* TASK TO CARRY OUT
Please repeat, precisely as written, only the lines from the one containing "Ribblesdale Cottage in" through the last line of the records below, pictures omitted.

(EXCERPTED RECORDS Opens)

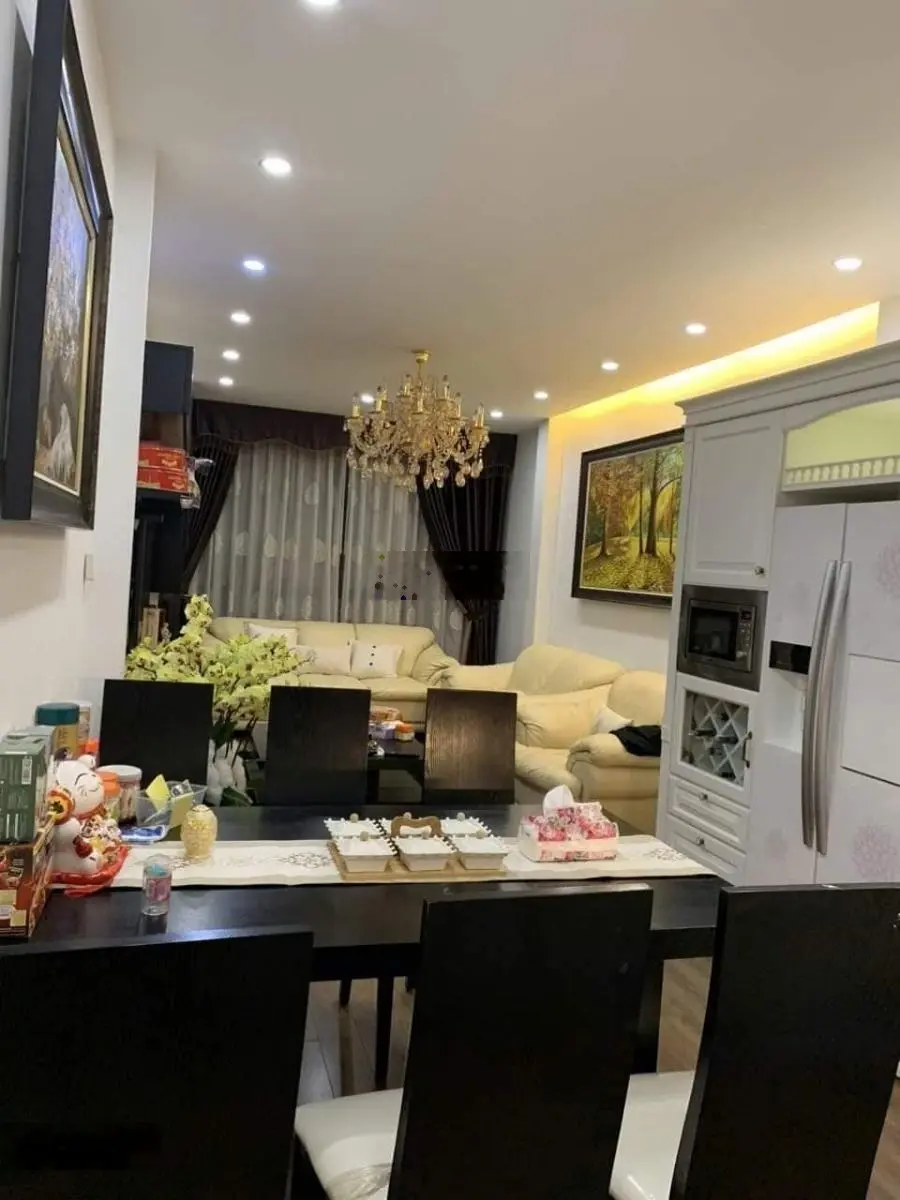 Cần bán gấp siêu phẩm mặt phố trần quang diệu (quận đống đa ) - vỉa hè - kinh doanh đỉnh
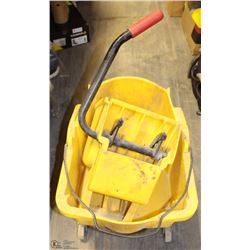 RUBBERMAID BRUTE MOP RINGER AND BUCKET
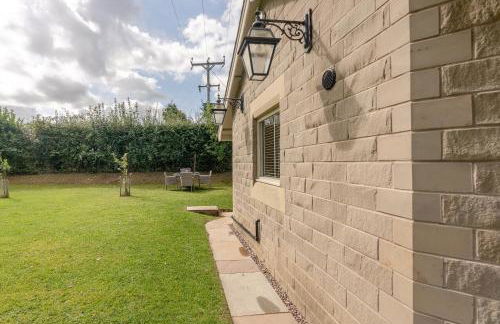 Ribblesdale Cottage in Acres of Countryside - Photo 16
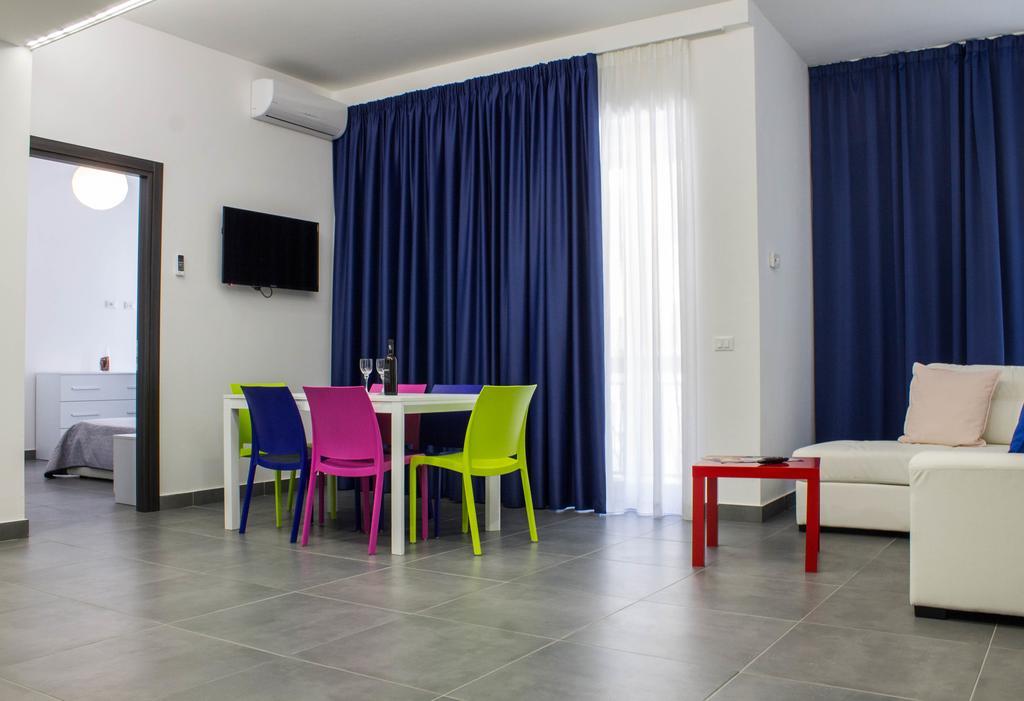 Residence Palazzo Dei Delfini By Receptio Catania Exterior photo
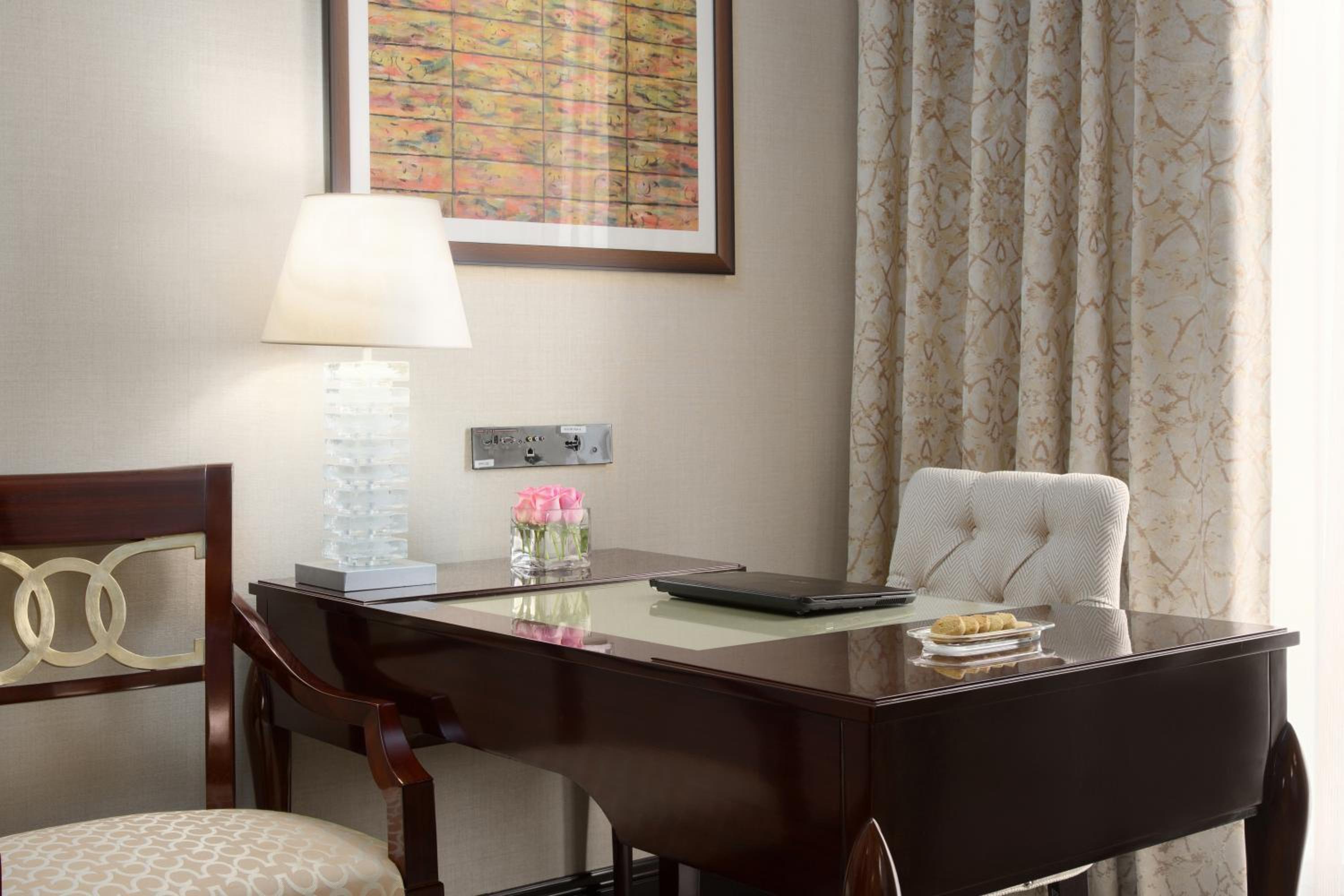 Classic Junior Suite photo 3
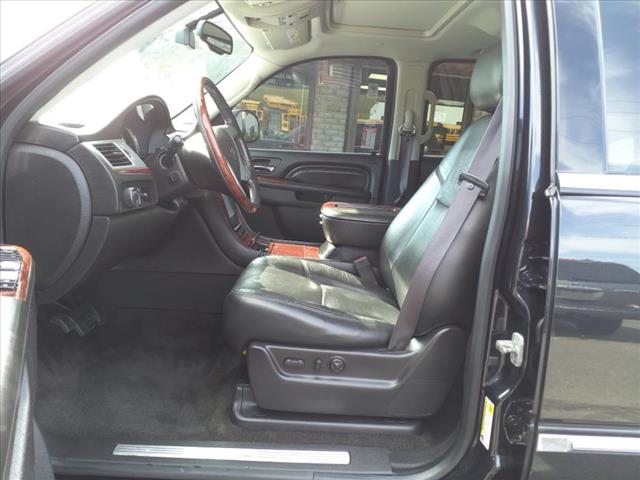 2012 Cadillac Escalade ESV Luxury - Photo 11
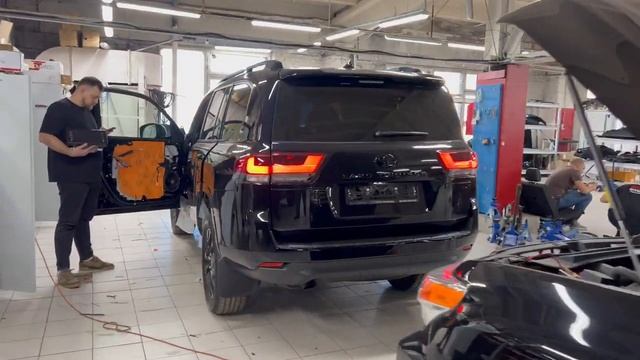 Замена мониторов в LC200 и LC300 на мониторы как у LC300 в макс комплектации смотреть онлайн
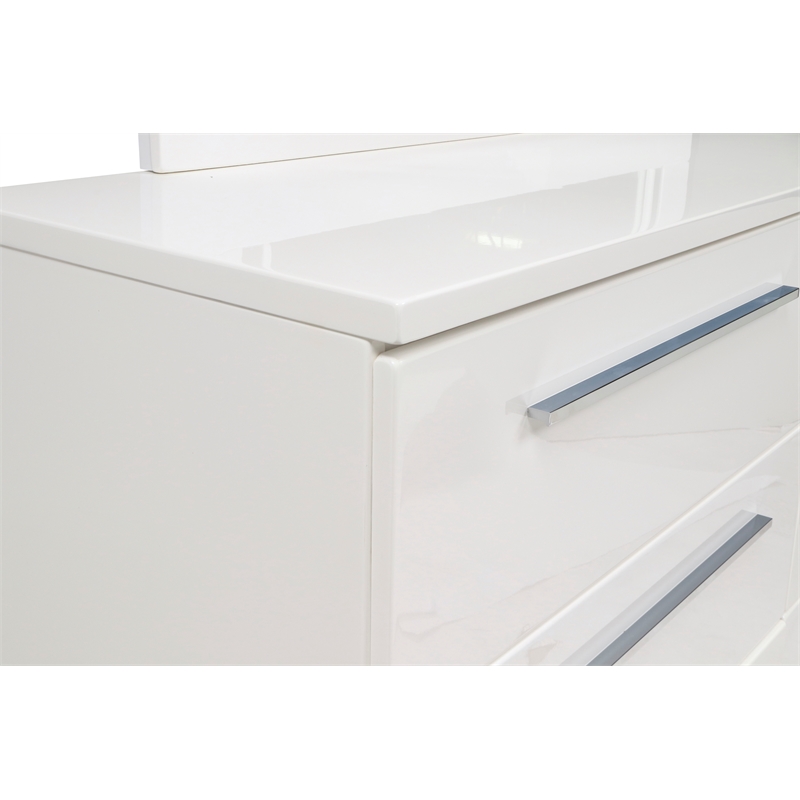 New Classic Sapphire 4-Piece Wood Queen Bedroom Set with Nightstand in White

(EXCERPTED RECORDS Closes)

* RESULT
 Ribblesdale Cottage in Acres of Countryside - Photo 16
 Residence Palazzo Dei Delfini By Receptio Catania Exterior photo
 Classic Junior Suite photo 3
 2012 Cadillac Escalade ESV Luxury - Photo 11
 Замена мониторов в LC200 и LC300 на мониторы как у LC300 в макс комплектации смотреть онлайн
 New Classic Sapphire 4-Piece Wood Queen Bedroom Set with Nightstand in White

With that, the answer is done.